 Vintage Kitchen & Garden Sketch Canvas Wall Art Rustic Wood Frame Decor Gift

◇ ◇ ◇ ◇ ◇ ◇ ◇

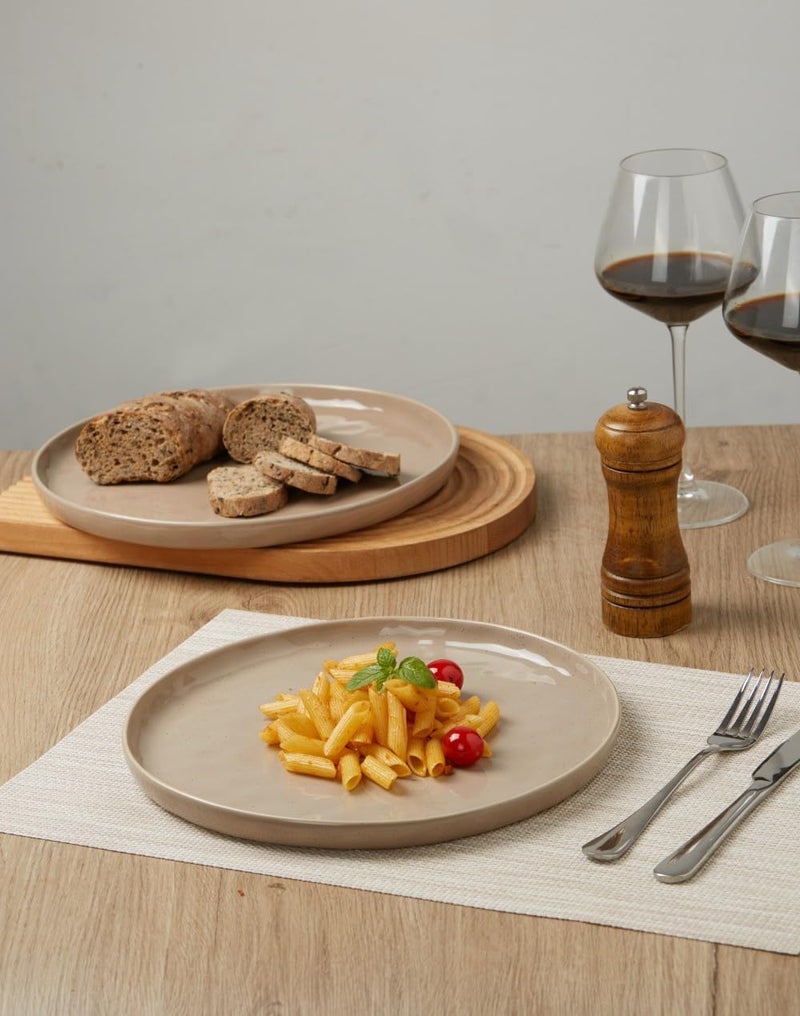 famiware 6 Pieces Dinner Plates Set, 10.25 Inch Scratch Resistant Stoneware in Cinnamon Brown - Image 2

◇ ◇ ◇ ◇ ◇ ◇ ◇

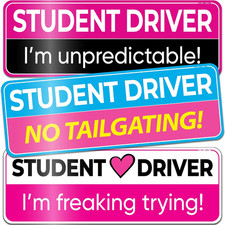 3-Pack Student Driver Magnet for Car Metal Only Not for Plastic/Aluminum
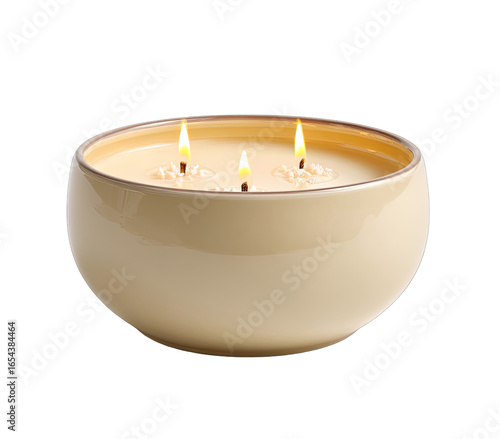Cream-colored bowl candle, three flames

◇ ◇ ◇ ◇ ◇ ◇ ◇

### Task requirements
In the material above, which lines fall between the one holding "3-Pack Student Driver" and the one holding "Cream-colored bowl candle, three flames", inclusive? Print exactly those, with the pictures left out.

### Response area
 3-Pack Student Driver Magnet for Car Metal Only Not for Plastic/Aluminum
Cream-colored bowl candle, three flames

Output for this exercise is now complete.